- **ASSIGNED TASK**
Write out exactly the lines below starting at the one containing "Load image into" and ending at the one containing "Horistonotus curiatus". Omit every picture.

- **INPUT MATERIAL**
▽
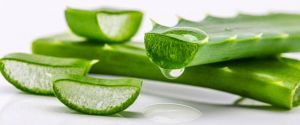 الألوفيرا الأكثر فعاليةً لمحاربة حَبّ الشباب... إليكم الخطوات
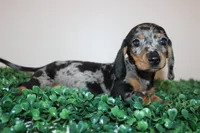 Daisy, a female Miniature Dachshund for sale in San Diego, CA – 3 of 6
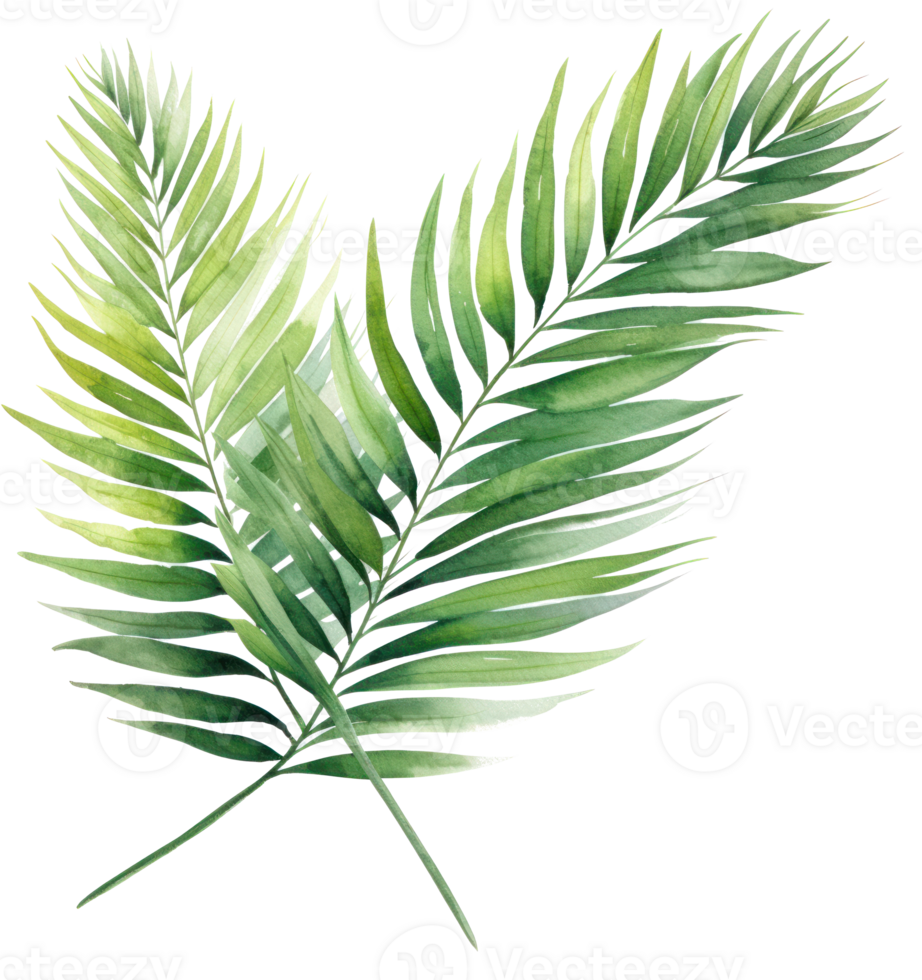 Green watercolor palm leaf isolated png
△
▽
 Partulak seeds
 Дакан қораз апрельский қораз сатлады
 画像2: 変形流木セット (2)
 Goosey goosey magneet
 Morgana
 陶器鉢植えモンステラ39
△
▽
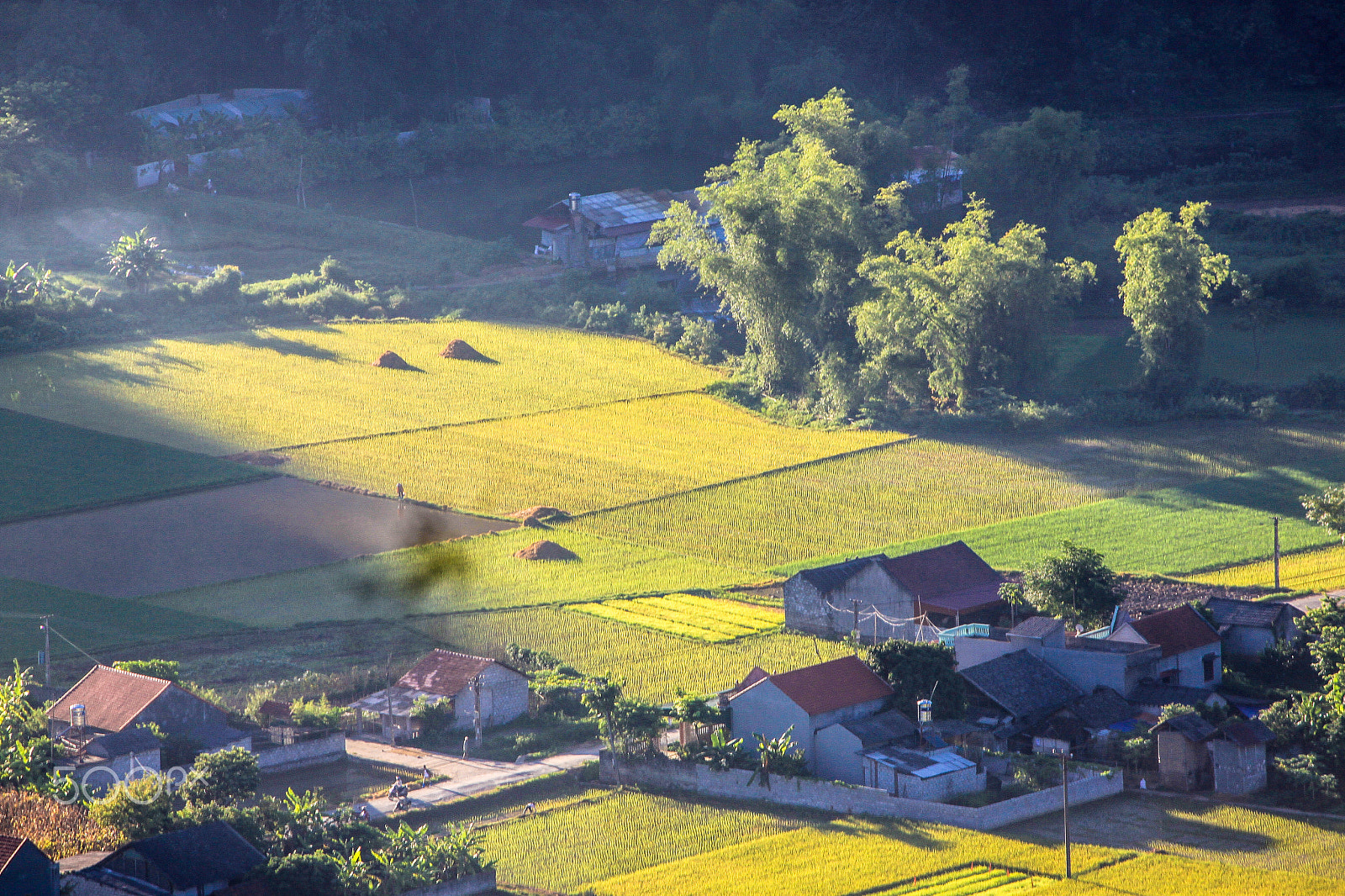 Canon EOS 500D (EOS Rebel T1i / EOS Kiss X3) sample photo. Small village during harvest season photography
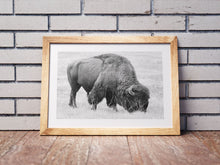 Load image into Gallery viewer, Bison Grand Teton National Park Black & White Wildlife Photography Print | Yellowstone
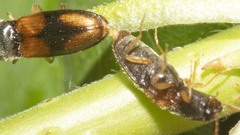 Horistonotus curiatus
△
- **ANSWER SPACE**
 Load image into Gallery viewer, Bison Grand Teton National Park Black & White Wildlife Photography Print | Yellowstone
 Horistonotus curiatus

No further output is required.